The Flat Iron Steak is a lesser known cut that is phenomenal when prepared correctly. Our 100% Fullblood Wagyu Flat Iron is marvelously marbled. One taste and you might have a new favorite cut of meat.
Jess Pryles, our friend and meat connoisseur, created an incredible recipe featuring our Wagyu Flat Iron. Her fresh Salsa Verde brings a bright Mediterranean flavor to the rich beefy flavor of the steak that is balanced and perfect for the warm weather.
Flat Iron Steak with Salsa Verde
Recipe created by Jess Pryles. See her original blog post here.
Ingredients
- 1 Lone Mountain Wagyu Flat Iron Steak
- 1 cup flat leaf parsley, roughly chopped
- 2 cloves garlic, minced
- 2 Tbsp capers
- 5 anchovies
- 1/4 cup fresh oregano
- 1/4 cup fresh mint leaves, roughly chopped
- 1 lemon, zest and juice
- 3/4 cup good quality extra virgin olive oil
- 2 Tbsp white wine vinegar
- 1 tsp pepper
- Salt to taste
Directions
Steak
- Load up a charcoal grill with coals stacked mainly to one side.

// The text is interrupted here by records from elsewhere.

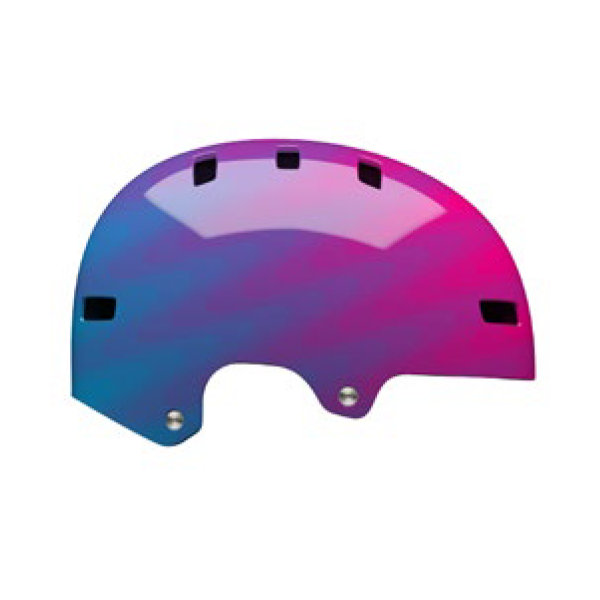 Bell Span Cykelhjälm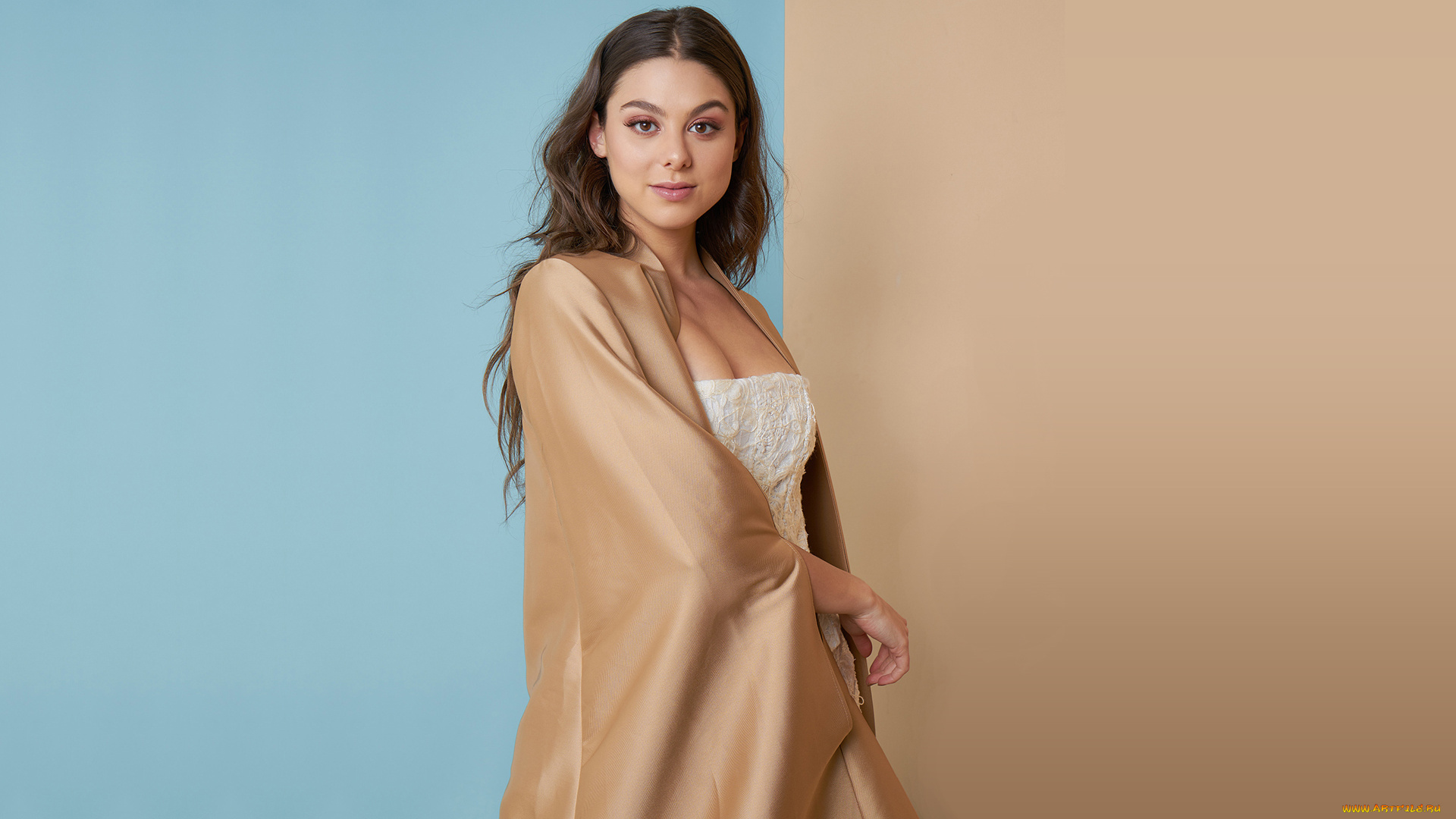 kira, kosarin, , 2019, девушки, -unsort, , брюнетки, темноволосые, кира, косарин, американская, актриса, певица, танцовщица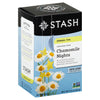 STASH CHAMOMILE NIGHTS [20 PK]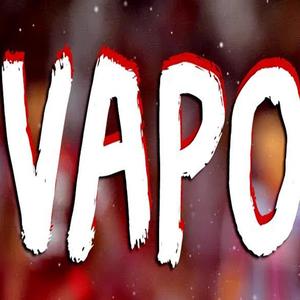 É SEQUENCIA DE VAPO VAPO (Explicit)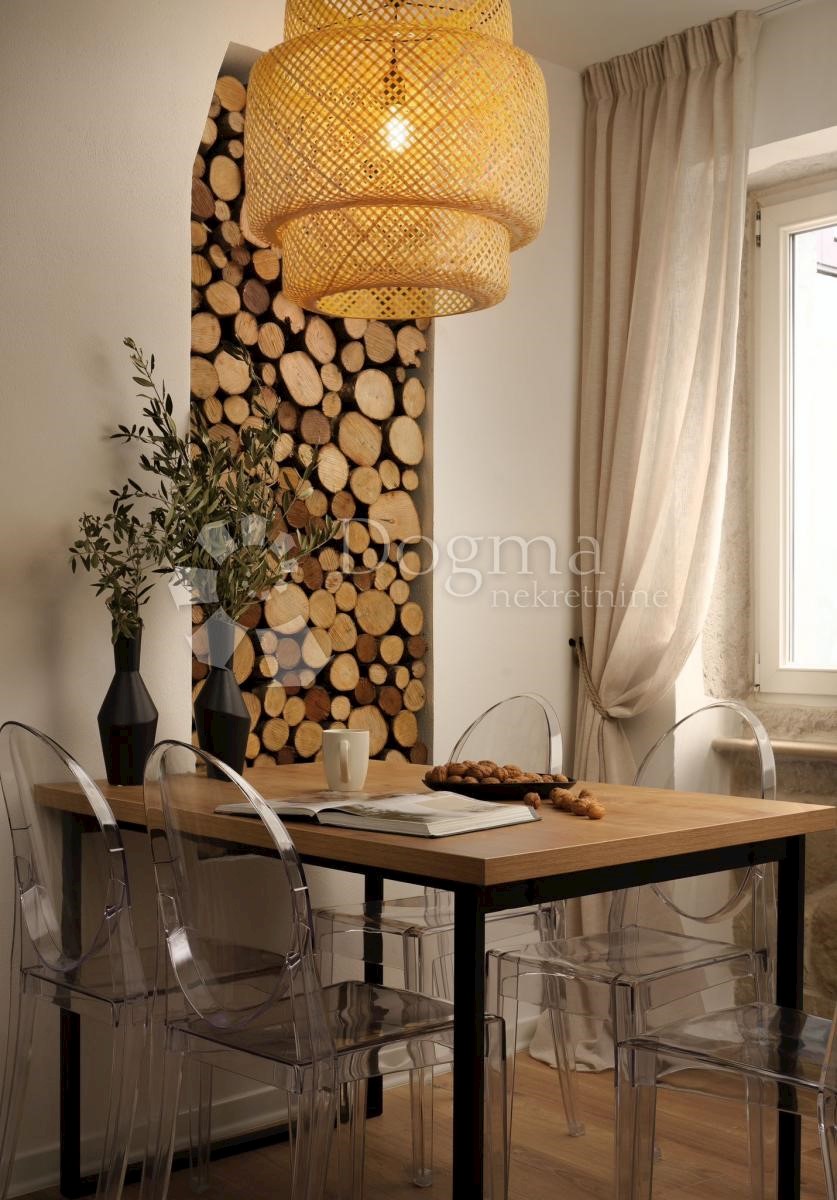 Apartmán Na predaj - ISTARSKA ROVINJ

Pat steak dry with paper towels and season well on both sides with salt. Once the coals have ashed over and the grill has really heated up, place the steak over direct coals, flipping it every minute or two until a crust has built.
- Once you have a reasonable color, transfer the steak to the cool side of the grill without coals to finish cooking with indirect heat until it reaches an internal temperature of 130 degrees F. Remove from grill and wrap loosely in foil to rest at least 10 minutes.
Salsa Verde
- In a small skillet or pan, brown the minced garlic until well toasted to remove any sharp flavor.
- In a food processor, combine parsley, oregano, mint, capers, anchovy, lemon zest and juice, browned garlic, salt and pepper. Pulse to combine thoroughly. (If you don't have a food processor handy, you can chop all ingredients for Salsa Verde finely for a more rustic but equally delicious result). Once at a fine consistency, slowly add oil and vinegar.
To Serve
- Remove steak from foil and slice against the grain in 1/4 inch slices. Arrange on plate and drizzle with the salsa verde. Serve with a bowl of extra salsa on the side.